§ Prompt: Copy, exactly as written, the lines that begin at the one containing "Close-up of a" and end at the one containing "Slide: The Image". Skip any pictures in the data below.

§ Supplied data:

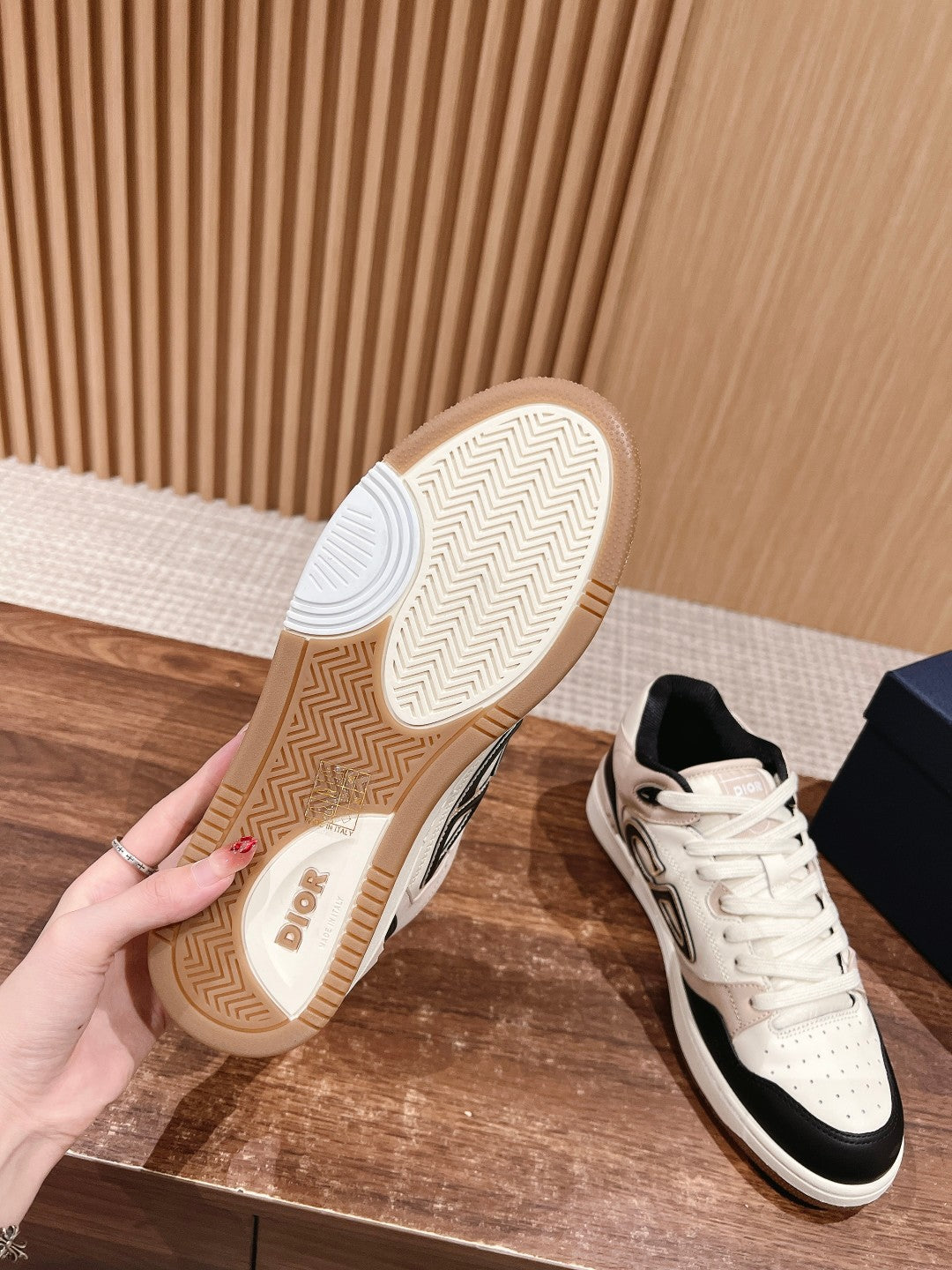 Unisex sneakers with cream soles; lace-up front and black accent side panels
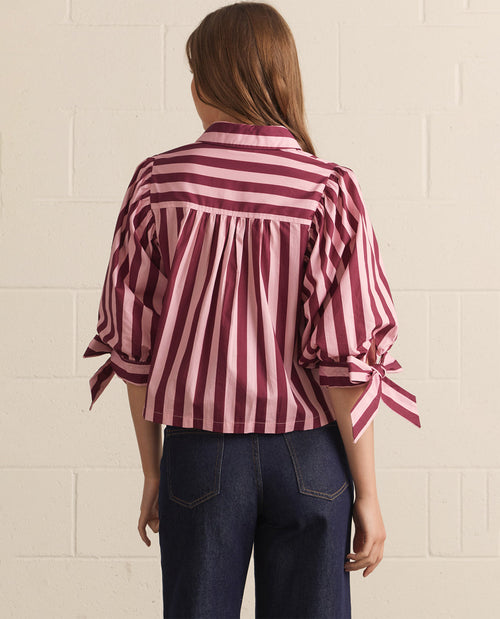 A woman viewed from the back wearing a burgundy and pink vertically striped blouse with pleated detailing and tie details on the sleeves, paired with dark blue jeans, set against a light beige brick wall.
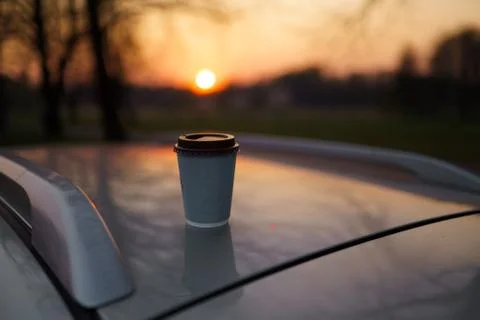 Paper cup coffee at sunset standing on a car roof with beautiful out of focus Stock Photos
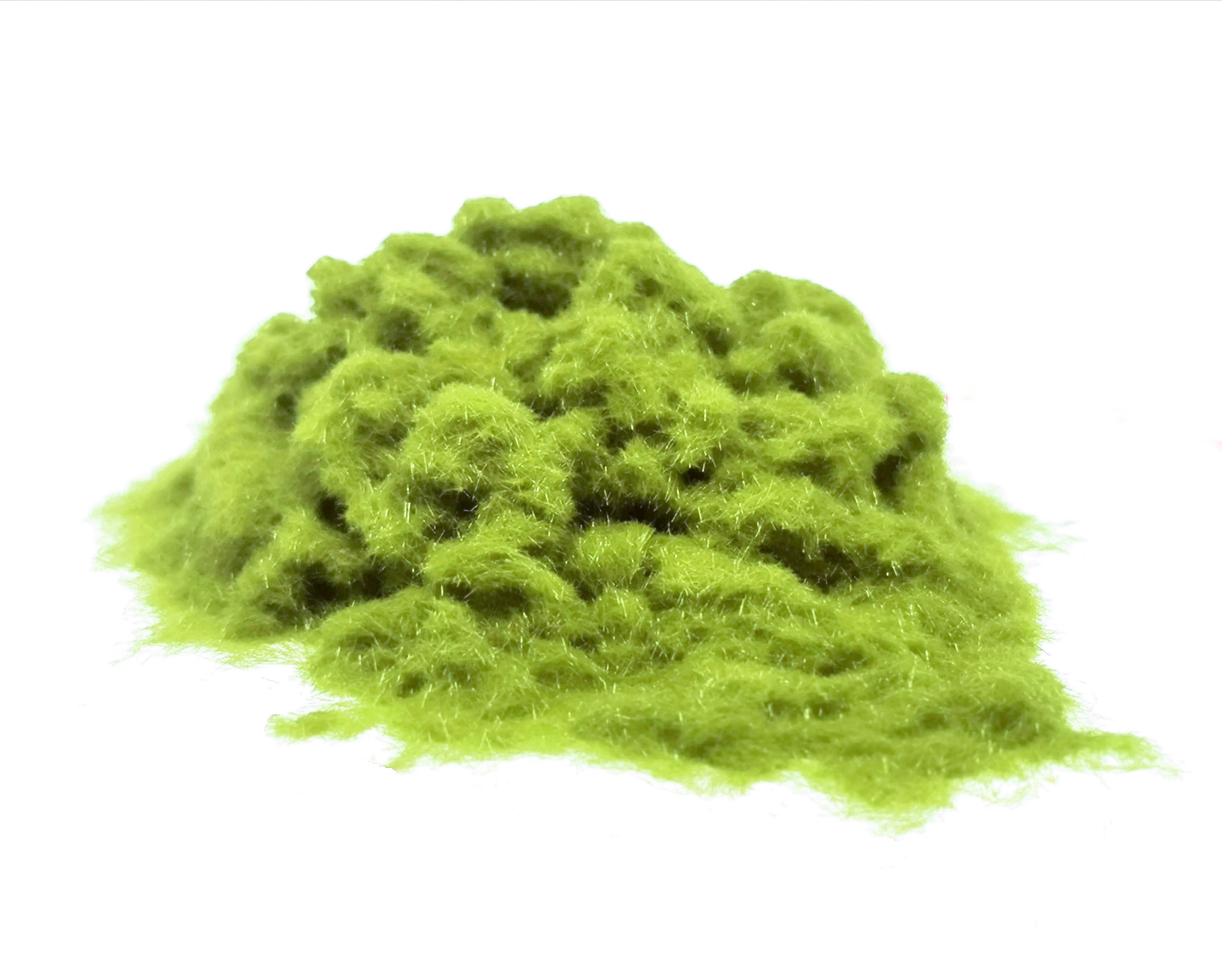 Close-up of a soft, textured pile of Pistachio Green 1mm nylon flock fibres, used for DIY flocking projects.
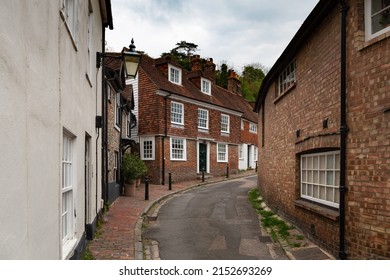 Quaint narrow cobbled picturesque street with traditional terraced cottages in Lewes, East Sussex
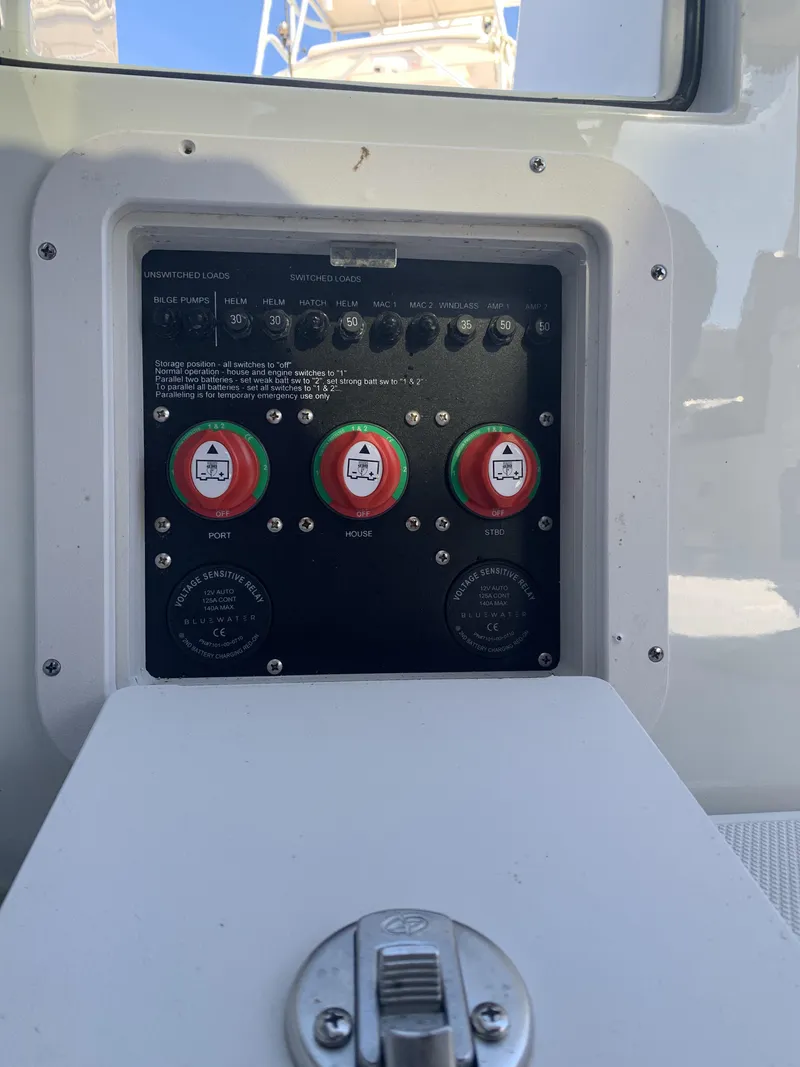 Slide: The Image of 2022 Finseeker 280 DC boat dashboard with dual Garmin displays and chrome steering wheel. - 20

---

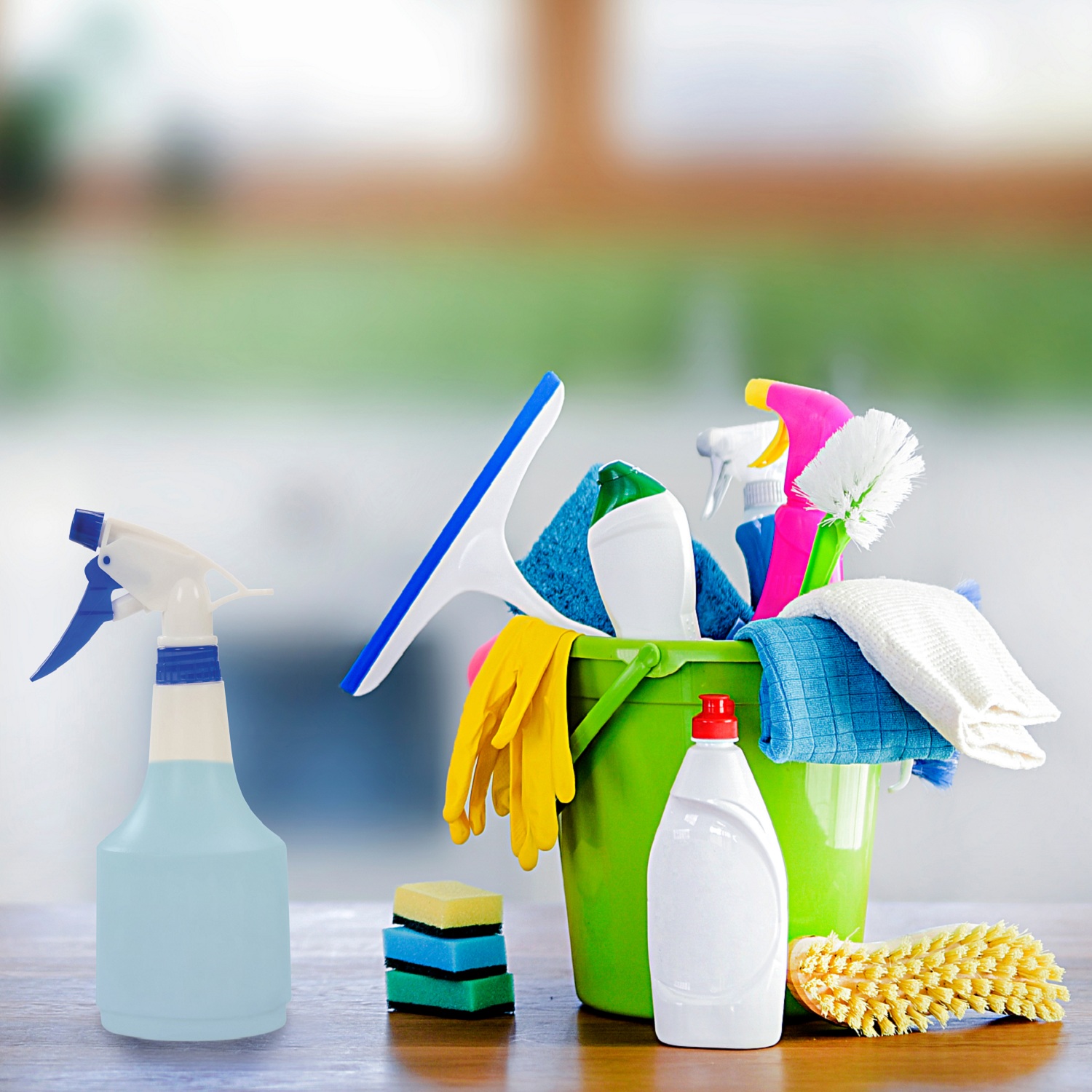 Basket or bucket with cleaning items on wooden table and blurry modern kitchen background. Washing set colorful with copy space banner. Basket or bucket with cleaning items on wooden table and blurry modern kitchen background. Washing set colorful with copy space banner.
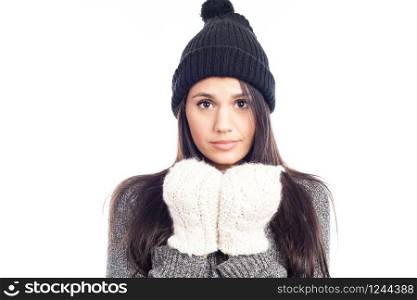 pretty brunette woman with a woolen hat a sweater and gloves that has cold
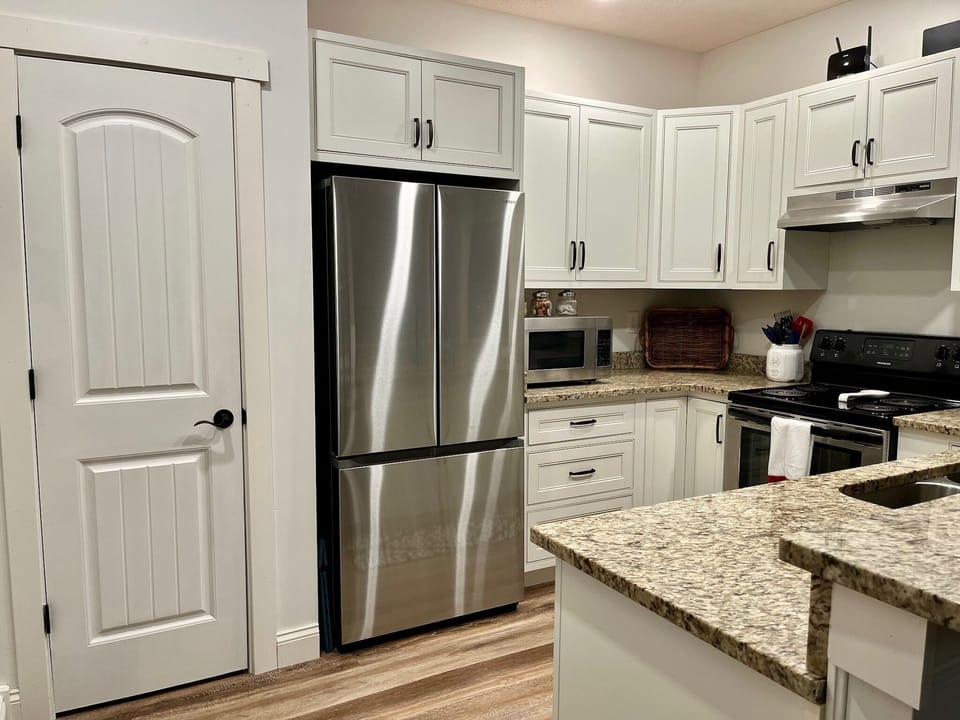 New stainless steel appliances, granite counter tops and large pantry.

§ Response below:
 Close-up of a soft, textured pile of Pistachio Green 1mm nylon flock fibres, used for DIY flocking projects.
 Quaint narrow cobbled picturesque street with traditional terraced cottages in Lewes, East Sussex
 Slide: The Image of 2022 Finseeker 280 DC boat dashboard with dual Garmin displays and chrome steering wheel. - 20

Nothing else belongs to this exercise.